Unfinished business: Canceled season leaves records left unbroken for Bellefonte baseball’s CJ Funk
Editor’s note: This is the first installment in a series chronicling some of the biggest missed storylines of the 2020 spring high school sports season in Centre County.
This is far from how C.J. Funk imagined his high school baseball career coming to a close. The Bellefonte senior was ready to help the Red Raiders make a deep postseason run, deeper than the team had been in his first three years with the varsity squad.
He was going to make one final run with his teammates and collect some personal accolades and records along the way, although those were far less important.
He’d then take that team and individual success with him to the University of Pittsburgh, where he’ll play baseball at the next level.
Instead, Funk is at home awaiting word on when his life can find some level of normalcy. He, like so many other athletes around the nation, had his senior year stripped away from him without warning or closure because of the COVID-19 pandemic.
The ever-positive Funk took the loss in stride, but admitted there was plenty of pain that came with it.
“It’s been a great ride here,” Funk said. “I’ve done a lot of great things here and a lot of people have helped me along the way. Short term, I’m upset I couldn’t play my senior year.”
One of the first things Funk did when he found out the season was canceled was reach out to his five fellow seniors.
Funk’s message was simple. He wanted his teammates to know he felt their pain. The bond he’d formed with them on the diamond was special
“I just said thank you for everything,” he said. “I’ve kept in touch with all of them.”

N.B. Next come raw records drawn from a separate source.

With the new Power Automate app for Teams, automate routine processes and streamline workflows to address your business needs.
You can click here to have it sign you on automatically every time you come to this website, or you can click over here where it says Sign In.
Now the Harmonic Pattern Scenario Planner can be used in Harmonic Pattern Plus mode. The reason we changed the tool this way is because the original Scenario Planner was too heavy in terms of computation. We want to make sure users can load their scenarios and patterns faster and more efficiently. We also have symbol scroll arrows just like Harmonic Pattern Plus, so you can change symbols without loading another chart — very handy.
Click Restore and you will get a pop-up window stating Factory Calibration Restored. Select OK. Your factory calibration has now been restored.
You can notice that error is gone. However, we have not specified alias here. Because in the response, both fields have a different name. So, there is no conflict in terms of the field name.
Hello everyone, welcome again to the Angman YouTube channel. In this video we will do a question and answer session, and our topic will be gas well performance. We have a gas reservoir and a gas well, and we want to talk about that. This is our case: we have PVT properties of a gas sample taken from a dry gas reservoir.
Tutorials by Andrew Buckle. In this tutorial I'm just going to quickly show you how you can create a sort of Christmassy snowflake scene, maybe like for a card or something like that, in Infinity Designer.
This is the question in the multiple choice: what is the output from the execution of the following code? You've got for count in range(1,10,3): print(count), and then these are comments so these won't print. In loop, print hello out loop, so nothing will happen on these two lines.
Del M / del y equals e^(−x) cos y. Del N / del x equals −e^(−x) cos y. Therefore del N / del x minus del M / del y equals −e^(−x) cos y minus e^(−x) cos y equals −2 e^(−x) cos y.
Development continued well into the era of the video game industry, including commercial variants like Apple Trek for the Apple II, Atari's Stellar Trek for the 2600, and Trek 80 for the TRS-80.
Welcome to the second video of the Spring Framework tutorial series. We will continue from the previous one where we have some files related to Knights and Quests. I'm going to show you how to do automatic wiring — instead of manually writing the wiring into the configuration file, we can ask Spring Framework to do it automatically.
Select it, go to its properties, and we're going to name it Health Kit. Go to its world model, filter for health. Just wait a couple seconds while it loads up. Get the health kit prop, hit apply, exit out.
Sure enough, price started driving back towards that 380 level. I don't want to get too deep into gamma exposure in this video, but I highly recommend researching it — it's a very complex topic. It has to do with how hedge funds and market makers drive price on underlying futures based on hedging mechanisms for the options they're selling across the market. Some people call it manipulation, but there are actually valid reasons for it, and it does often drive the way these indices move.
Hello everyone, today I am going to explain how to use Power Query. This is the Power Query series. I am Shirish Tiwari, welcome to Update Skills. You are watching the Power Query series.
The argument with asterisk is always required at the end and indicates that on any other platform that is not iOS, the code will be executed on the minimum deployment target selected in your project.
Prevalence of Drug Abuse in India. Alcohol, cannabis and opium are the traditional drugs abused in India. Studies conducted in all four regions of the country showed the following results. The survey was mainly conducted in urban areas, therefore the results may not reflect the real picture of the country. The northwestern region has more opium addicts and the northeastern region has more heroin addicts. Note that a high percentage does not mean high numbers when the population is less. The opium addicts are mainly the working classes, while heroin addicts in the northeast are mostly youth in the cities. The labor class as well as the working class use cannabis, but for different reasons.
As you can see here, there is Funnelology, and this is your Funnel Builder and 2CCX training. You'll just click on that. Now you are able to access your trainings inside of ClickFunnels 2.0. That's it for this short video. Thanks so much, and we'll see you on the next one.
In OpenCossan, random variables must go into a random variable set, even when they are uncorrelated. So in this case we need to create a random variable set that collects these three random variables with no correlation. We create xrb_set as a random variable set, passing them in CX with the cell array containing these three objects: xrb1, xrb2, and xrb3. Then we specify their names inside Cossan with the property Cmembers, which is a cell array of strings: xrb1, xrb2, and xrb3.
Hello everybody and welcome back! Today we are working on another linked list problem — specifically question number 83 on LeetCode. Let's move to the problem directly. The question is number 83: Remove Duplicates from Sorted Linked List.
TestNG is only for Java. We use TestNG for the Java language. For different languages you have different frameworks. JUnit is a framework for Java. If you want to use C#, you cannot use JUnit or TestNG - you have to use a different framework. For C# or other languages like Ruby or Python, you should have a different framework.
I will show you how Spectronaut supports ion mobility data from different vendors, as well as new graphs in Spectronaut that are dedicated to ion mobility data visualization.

This wasn’t just the end of the road for Funk’s time on the diamond with his teammates, either. One of Funk’s best friends, Matthew Reese, is an outfielder for Bald Eagle Area. Like Funk, Reese is a senior and won’t have the opportunity to play his final year of high school baseball. He’ll continue his baseball career in college at the University of Pittsburgh at Johnstown, but is unlikely to play with or against his friend again.
Reese, who said he and Funk have been friends since birth thanks to the friendship between their mothers, is going to miss being with his friend on the diamond, even if it meant they were opponents.
“I think it’s more fun for me (to play Funk),” Reese said. “When you know the guys on the other team you have more fun and you’re more successful.”
The two seniors played against each other in high school baseball, but took the field together when it came time for travel season. They most recently played together for Flood City Elite, both as outfielders, and Reese said that was one of the most fun experiences he had with Funk.
“When we get together in the summer we don’t skip a beat at all,” Reese said. “It’s so fun to be around a kid like (Funk). Especially when him and I are so close. When we’re in the dugout or in the outfield it’s so fun because we’re just messing with each other the whole game.”
Funk brought joy on the baseball field to more people than just Reese. The Bellefonte senior outfielder was a joy to be around for Bellefonte head coach Jon Clark. He was calm and steady when he needed to lock in, but relaxed and effervescent when his team needed to calm down.
Whether it was in games, during practice or even on bus rides, Funk could read the room and provide it with exactly what it needed.
“He was kind of a spokesperson,” Clark said. “He would sit in the back on bus rides and sit on the boom box. He’d get the guys singing songs on the way home and they’d be rapping and it was just a fun atmosphere. I think those are the moments when, as a team, you bond. All of those little things, we’re gonna miss.”
For all of the joy he brought to his team, Funk was even more impactful on the field. He had an opportunity to break several records this season, including the school records for stolen bases, doubles, triples, home runs and lifetime batting average, among others. He won’t get that chance because of the ongoing coronavirus pandemic, but in lockstep with his personality, Funk isn’t all that concerned with those misses.
“Nobody wants to miss out on their senior baseball season,” he said. “But I always (think) more about the team and getting over that semifinal hump.”
He was more focused on the team, and he had plenty of reason to be excited about how far it could go in 2020.
Funk felt good about how he and his teammates were preparing for their season, and were primed to make a run past the semifinals, the furthest the team had made it in three years. That confidence went beyond the players and all the way up to Clark, who thought his team, led by Funk, could do some serious damage this season.
“There was more offseason work put in by this team than any other team that I can remember in my 15 years of being involved in Bellefonte baseball,” Clark said. “These guys put in so much time. ... We felt really good about pushing through those barriers and getting past the semifinals.”
But that won’t happen.
Funk won’t get to play his senior season and he won’t step into the batter’s box again as a Red Raider.
Instead, he’ll move on to Pittsburgh to begin a college career filled with potential.
And behind him he’ll leave a storied high school career without its storybook ending.